かつてのように小さな子どもが気軽に野球に触れることができる機会は少なくなっています。高校野球200年構想では、幼稚園や保育園といった年代の、まだ野球をしたことがない子どもたちに、遊びを通じて野球の楽しさを体験してもらうための「普及(野球未経験者向けイベント)」活動を主要7事業の一つとしています。まずは野球との出会いの機会を創っていくことが目的です。
「普及」の活動には、大きく分けて二つのスタイルがあります。一つは「集合型」で、会場に小さな子どもたちを集め、子ども向けのボールやバットを使って遊ぶといったイベントを行います。
もう一つは「訪問型」で、幼稚園や保育園に出向き、園児たちと一緒に「野球あそび」などを楽しみます。特に高校球児が直接、幼稚園などを訪ねる活動は園側からも好評です。
島根県では、県連盟を挙げて普及活動に取り組み、高校単位で近隣の保育園や幼稚園、小学校を訪問する「1校1園」活動を実施しています。

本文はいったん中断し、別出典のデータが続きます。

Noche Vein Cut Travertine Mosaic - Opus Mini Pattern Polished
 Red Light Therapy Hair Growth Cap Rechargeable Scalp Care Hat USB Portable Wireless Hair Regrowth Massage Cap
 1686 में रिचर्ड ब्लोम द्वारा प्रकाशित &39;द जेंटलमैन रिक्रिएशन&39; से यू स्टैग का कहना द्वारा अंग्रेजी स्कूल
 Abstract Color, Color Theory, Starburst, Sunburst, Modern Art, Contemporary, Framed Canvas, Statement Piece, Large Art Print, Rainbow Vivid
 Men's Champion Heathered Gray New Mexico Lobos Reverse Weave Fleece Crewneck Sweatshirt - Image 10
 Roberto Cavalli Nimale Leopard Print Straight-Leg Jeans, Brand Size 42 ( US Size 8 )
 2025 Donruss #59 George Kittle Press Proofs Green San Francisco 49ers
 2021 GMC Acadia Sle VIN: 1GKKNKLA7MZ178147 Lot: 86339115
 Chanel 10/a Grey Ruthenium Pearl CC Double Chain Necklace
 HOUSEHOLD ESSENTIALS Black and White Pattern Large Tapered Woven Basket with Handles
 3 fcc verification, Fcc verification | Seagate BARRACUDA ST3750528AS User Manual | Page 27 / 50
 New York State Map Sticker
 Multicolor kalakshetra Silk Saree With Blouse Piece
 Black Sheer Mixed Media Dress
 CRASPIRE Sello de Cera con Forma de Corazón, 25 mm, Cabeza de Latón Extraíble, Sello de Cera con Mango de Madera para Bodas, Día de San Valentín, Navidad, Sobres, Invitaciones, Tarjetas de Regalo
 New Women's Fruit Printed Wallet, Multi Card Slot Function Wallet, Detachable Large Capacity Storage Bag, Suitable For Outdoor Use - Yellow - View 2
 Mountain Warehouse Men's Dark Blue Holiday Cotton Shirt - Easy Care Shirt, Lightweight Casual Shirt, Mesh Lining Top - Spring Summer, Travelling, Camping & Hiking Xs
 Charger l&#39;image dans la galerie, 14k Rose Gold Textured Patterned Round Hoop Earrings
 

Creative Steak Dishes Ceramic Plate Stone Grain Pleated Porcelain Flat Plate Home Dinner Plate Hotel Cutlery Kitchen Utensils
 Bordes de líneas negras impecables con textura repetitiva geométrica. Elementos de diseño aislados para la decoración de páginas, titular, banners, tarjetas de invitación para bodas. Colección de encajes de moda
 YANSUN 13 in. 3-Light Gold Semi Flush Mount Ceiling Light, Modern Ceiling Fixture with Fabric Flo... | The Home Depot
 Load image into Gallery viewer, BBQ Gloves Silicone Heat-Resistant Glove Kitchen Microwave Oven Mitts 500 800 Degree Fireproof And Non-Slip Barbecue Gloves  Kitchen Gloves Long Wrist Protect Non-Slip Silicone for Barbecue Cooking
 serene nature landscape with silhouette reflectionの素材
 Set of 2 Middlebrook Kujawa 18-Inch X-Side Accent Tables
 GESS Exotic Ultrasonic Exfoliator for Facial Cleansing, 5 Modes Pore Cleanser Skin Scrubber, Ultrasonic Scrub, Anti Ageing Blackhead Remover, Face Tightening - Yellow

第92回選抜大会(2020年)で、21世紀枠で出場校に選ばれた平田高校は、普及活動に熱心に取り組んできたことも高く評価されました。この流れは中国地区全県に広がり、岡山、広島、山口、鳥取各県の高野連も足並みをそろえて「1校1園」活動を加盟校に推奨しています。

埼玉の高校生が保育園の子どもと野球あそび
蒸し暑さが気になり始めた2025年6月24日、埼玉県宮代町の総合運動公園体育館に、近隣のエール保育園、てんじん保育園の園児計28人が集まりました。園児たちを招いたのは体育館の近くある昌平高校野球部。3年生8人が、子どもたちと一緒にボールなどを使った野球あそびを行いました。

お手本に園児から「すごい」の声
園児は男女4グループに分かれ、各グループに高校生が2人付き、用意された五つの遊びを一緒にしました。野球の手前の、ボールやバットを使った遊びで、投げたり捕ったりしながら体を動かす楽しさを体験してもらうのが狙いです。
用意された遊びは以下の五つです。
- ①紙飛行機を園児に折ってもらい、壁に向かって飛ばして腕を投げ下ろす動作を学ぶ
- ②ボールをいろんな箱に投げ入れる
- ③ボールを投げ上げ、その間に体を1回転して落ちてくるのをキャッチ
- ④ボールを転がしてプラスチックのコップで受ける
- ⑤コーンに置いたTボールを打つ

高校生らは園児たちに「いいよ」「上手」などと笑顔で声をかけながら進めていきます。一方、高校生がキャッチボールやバッティングのお手本を見せると、園児からは「すごい」「格好いい」と声が上がりました。
最初は互いに緊張で硬かった表情も次第にほぐれてきて、子どもたちからは歓声も上がりはじめました。持参した水筒で水分補給する際には「楽しいね」と声をそろえていました。予定していた1時間はあっという間に過ぎていきました。
その後、4チームでの対決。紙コップ45個を積み上げてできたピラミッドに向かって1人ずつ順番にボールを投げて崩し、最下段の中央にある色つきの紙コップを取り出すスピードを競うゲームで盛り上がりました。

野球への関わり方 気づくきっかけにも
最後に手作りのメダルを首に掛けてもらった園児たちは、高校生と一緒に記念写真に収まりました。高校生が「今日は楽しかったね。野球を好きになってくれたらうれしいな」と園児に声をかけ、満面の笑みで再会を誓っていました。
エール保育園の板橋秀憲園長は「最初は緊張していた子どもたちや高校生も交流を楽しんでいる様子が伝わってきました。ユニホーム姿の高校生と触れ合って、子どもたちにはとても新鮮だったと思います」と話していました。
昌平の小林弘明部長は「彼らは残念ながら夏のベンチ入りから漏れたメンバーです。チームのサポートもしっかりしているし、普及活動を通じて、今後も好きな野球への関わり方はさまざまと気づくきっかけになれば」と期待していました。